DIRECTIONS FOR THIS TASK — When you reach the line that contains "Los asistentes del" below, transcribe it and each line after it word for word to the end of the records, omitting pictures.

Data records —
□ □ □ □ □

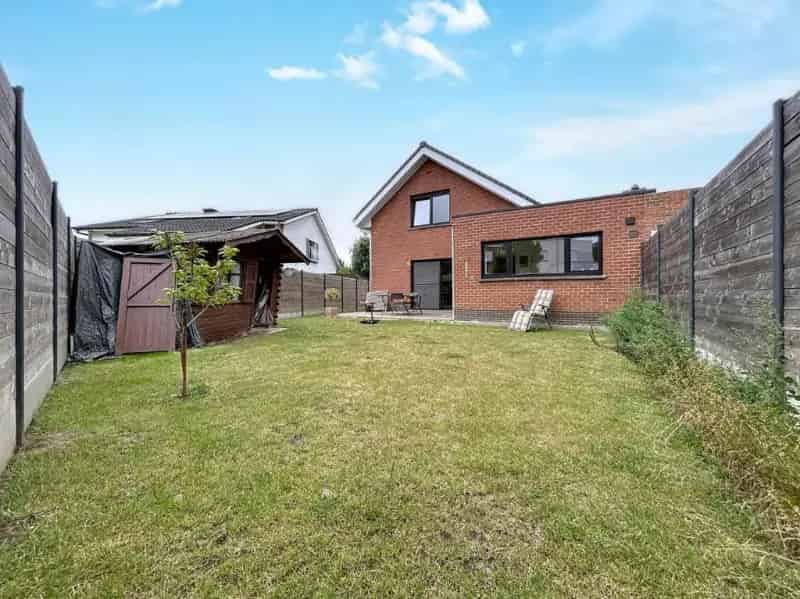 Huis te koop: 4 slaapkamers, garage, energiezuinig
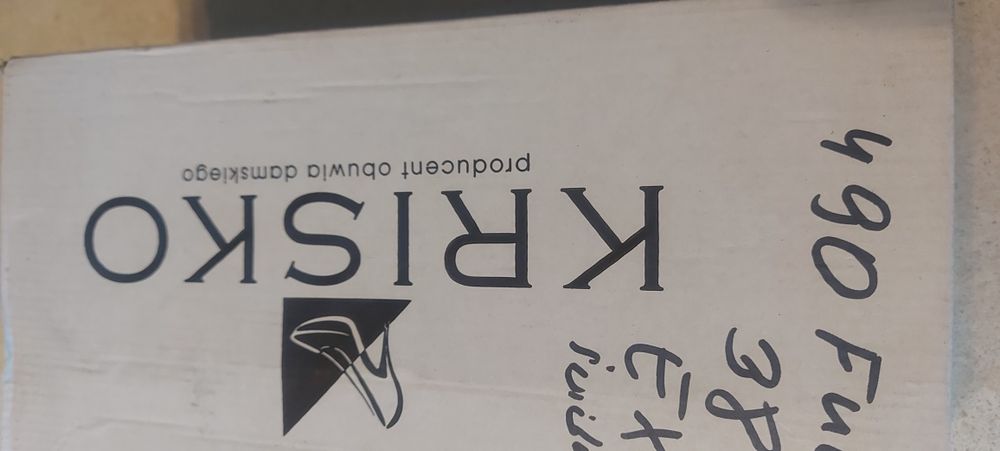 Buty lakierki 38 praktycznie nowe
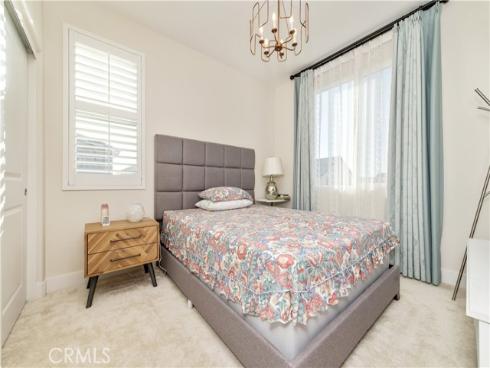 200 Zawn , Irvine, CA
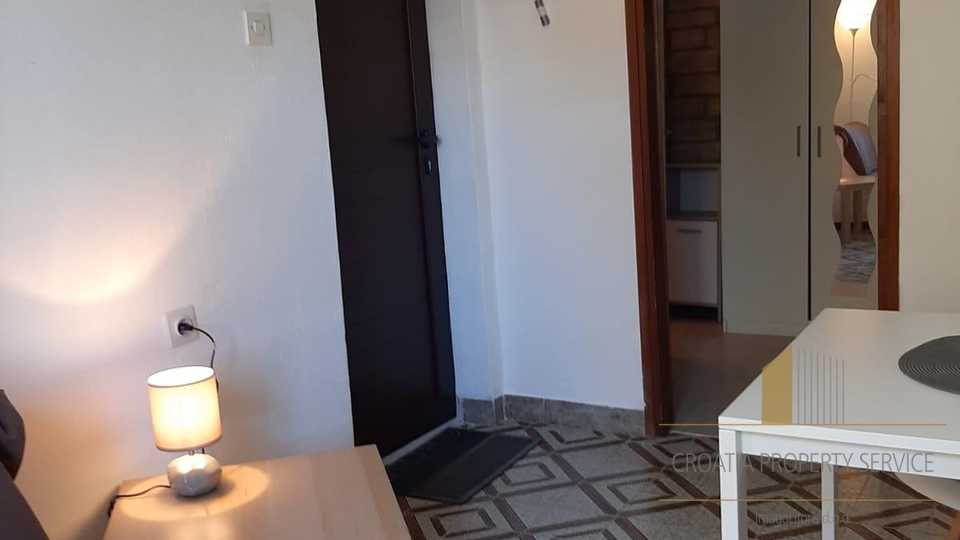 Апартманска кућа први ред до мора – Рањањ!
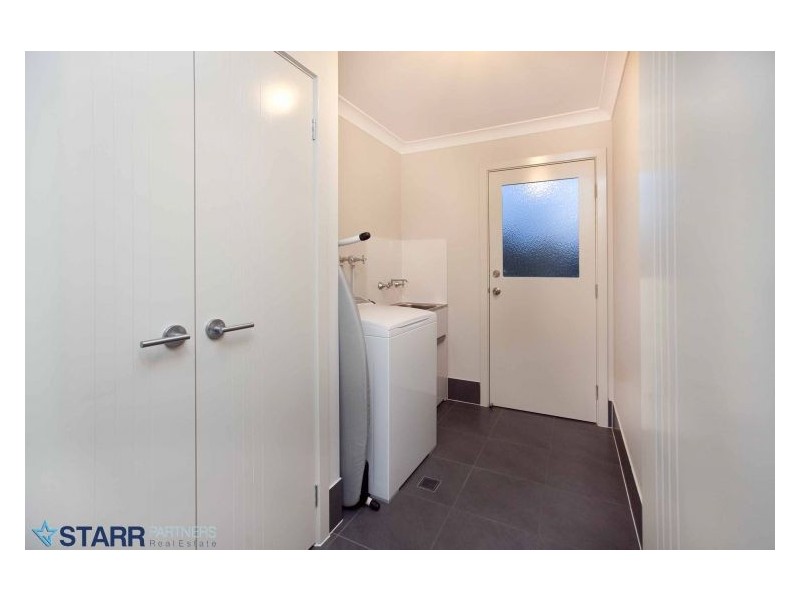 6 Fury Street, Oran Park NSW 2570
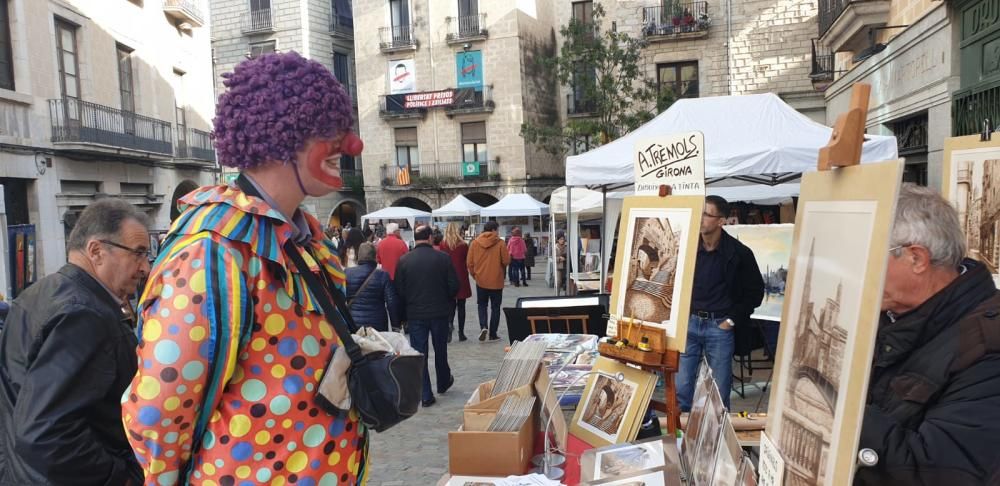 Milers de persones omplen el Barri Vell de Girona per Tots Sants - Fires de Girona 2018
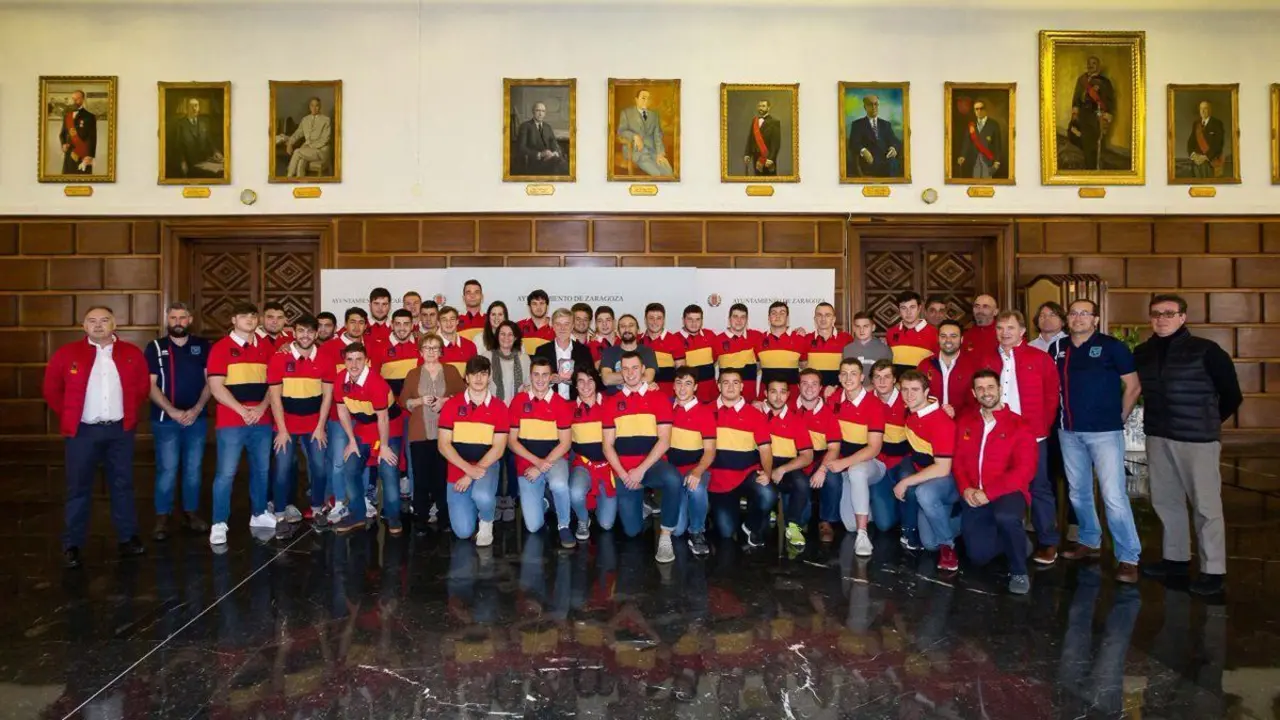Foto de familia de la selecci&oacute;n espa&ntilde;ola junto al alcalde Pedro Santisteve. Foto: Ayuntamiento de Zaragoza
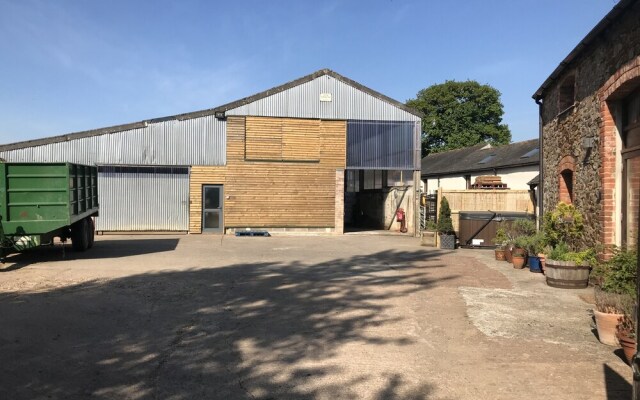 Tranquil Barn Retreat Nr Winkleigh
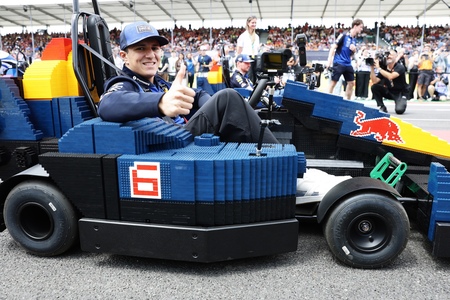 Englands Grand Prix 2026. Isack Hadjar gør klar til kørerparaden i Lego gocarts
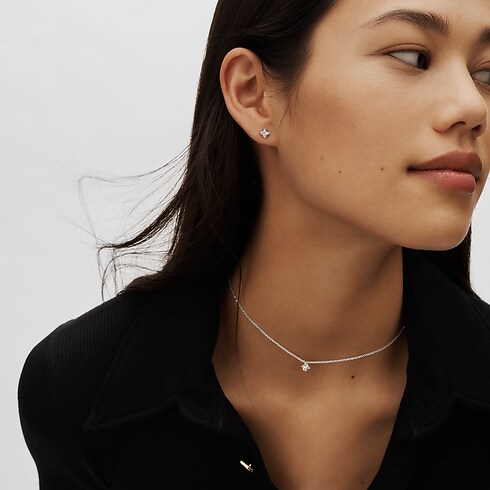 Kolczyk LV Diamonds, szlif LV Monogram Star in Biżuteria's Kolekcje LV Diamonds collections by Louis Vuitton (Powiększenie produktu)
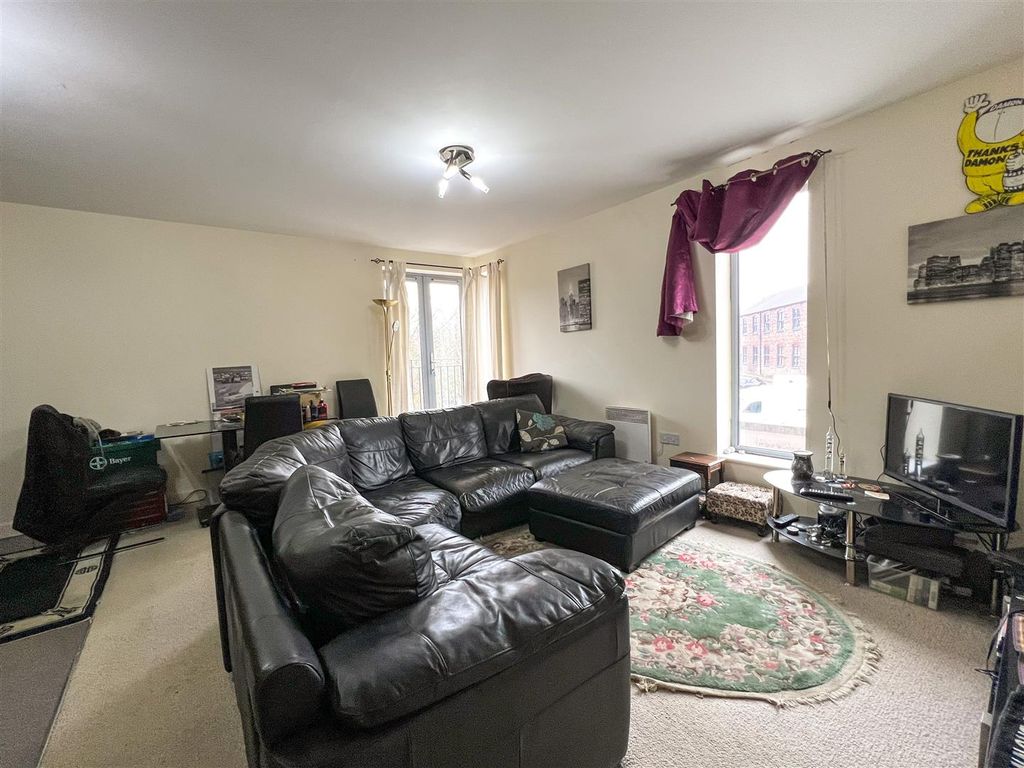 Property photo 3 of 11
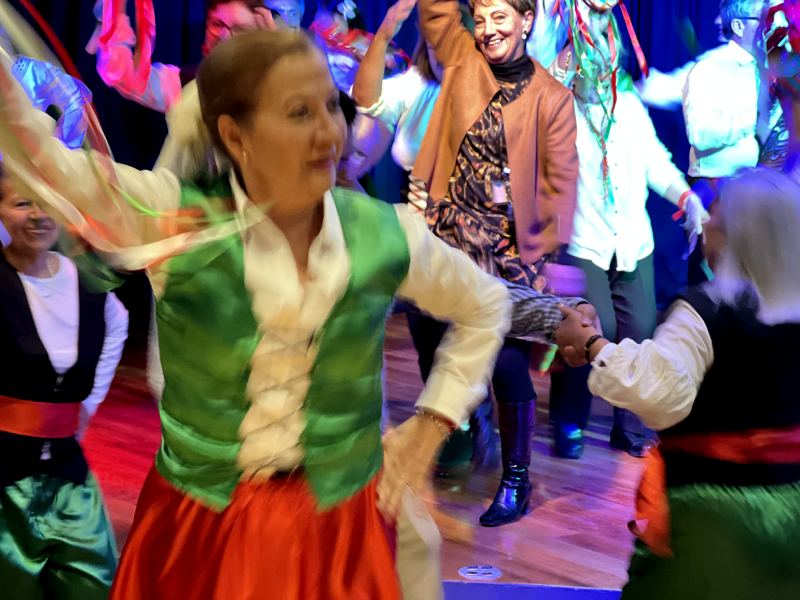 Los asistentes del curso Conociendo Italia y su Cultura, de la Universidad del Adulto Mayor, vivieron la tradición. 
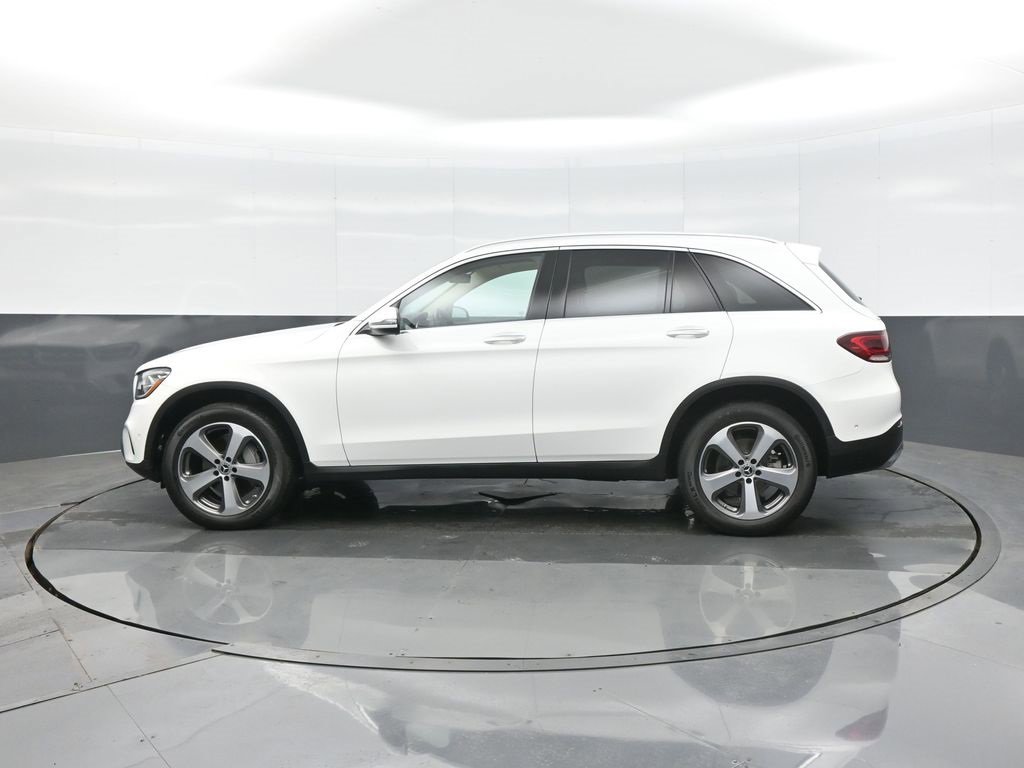 Used 2021 Mercedes-Benz GLC 300 4MATIC image 4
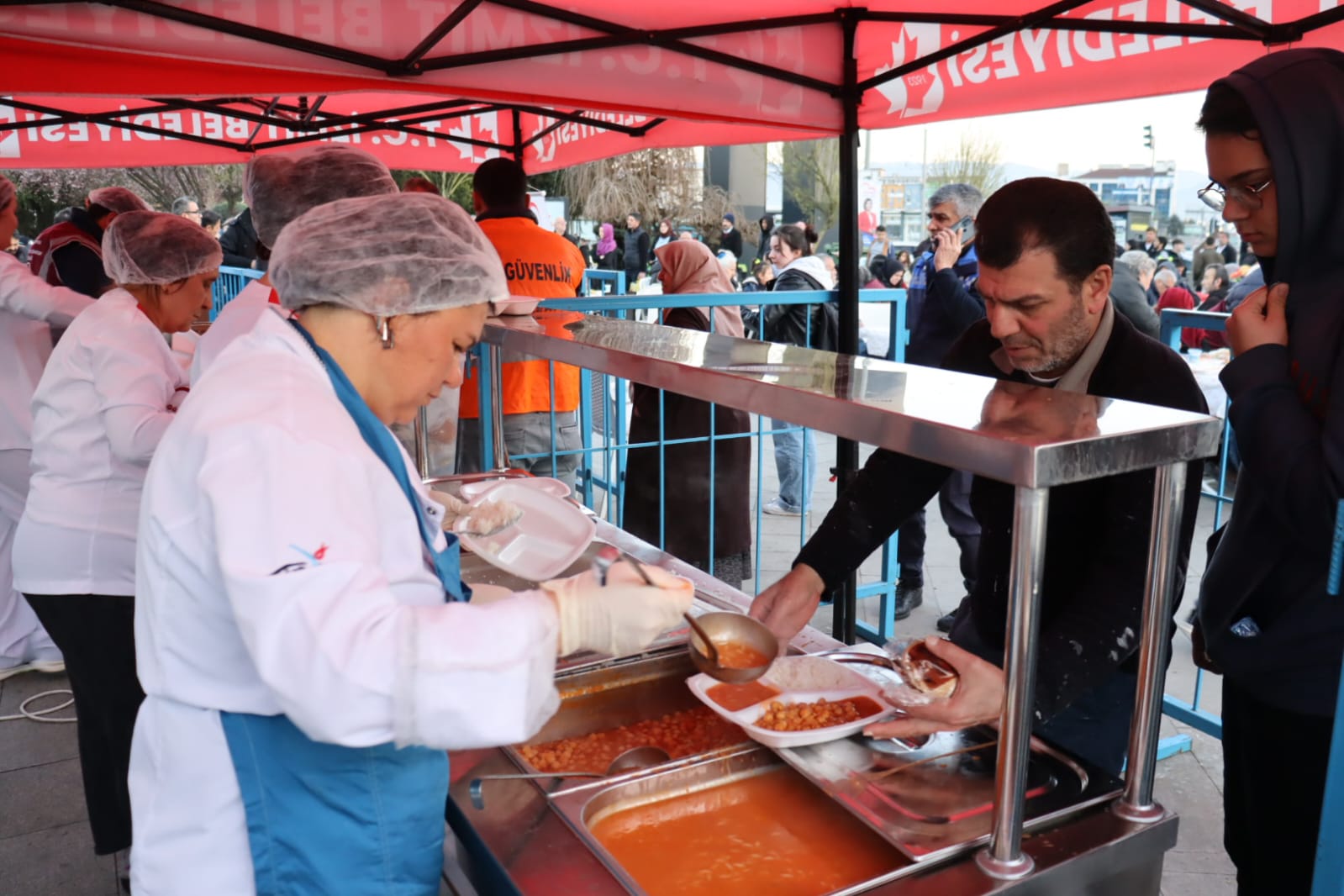 İzmit Belediyesi Mobil Aşevi iftar sofraları ile gönüllere dokunmayı sürdürüyor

□ □ □ □ □

RESPONSE BOX —
 Los asistentes del curso Conociendo Italia y su Cultura, de la Universidad del Adulto Mayor, vivieron la tradición. 
 Used 2021 Mercedes-Benz GLC 300 4MATIC image 4
 İzmit Belediyesi Mobil Aşevi iftar sofraları ile gönüllere dokunmayı sürdürüyor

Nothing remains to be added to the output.